En materia de inversiones, con razón destaca un reciente informe de Economía su creciente aporte al incremento de la producción. Pero el análisis de las importaciones de bienes de capital revela que la inversión está aun lejos del nivel adecuado. La participación de la industria manufacturera en dichas importaciones en 2005 fue de sólo el 23%, contra un 32,1% de 1998, y en 2005 se importaron bienes de capital para la manufactura por 1.632,9 millones de dólares, 40,1% debajo del nivel de 1998. Salvo la minería, esta caída de las compras de equipos es la mayor de todos los sectores de la economía. Cabría agregar que, gradual pero sostenidamente, los muy favorables precios relativos de la industria se están erosionando por los lógicos aumentos de salarios, de la energía y de los servicios.

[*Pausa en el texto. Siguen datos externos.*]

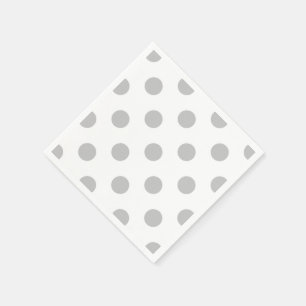 Graue u. weiße Tupfencocktailservietten Serviette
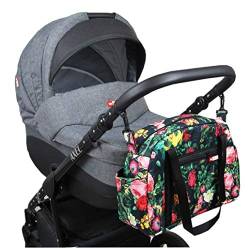 BabyLux Wickeltasche COLORFUL Kinderwagen Buggy Große Handtasche Babytasche mit Befestigung für Mutter Handtasche (76. Schwarz + Rosa) von BabyLux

Ante este cuadro de logros y limitaciones de la bienvenida recuperación de la industria manufacturera cabe preguntarse si se está haciendo todo lo necesario para sostenerla en el tiempo. Mi impresión es que no. El clima de inversión no es el mejor, la micro heterodoxa coloca un peso excesivo sobre una macroeconomía razonable, no hay un horizonte claro en materia energética y tampoco una política de competitividad sistémica de envergadura como para compensar el cambio de precios relativos. Hay que lamentarlo, porque buena parte de la sociedad se ha sacrificado mucho para apoyar la necesaria recuperación industrial y ese esfuerzo no debe malograrse.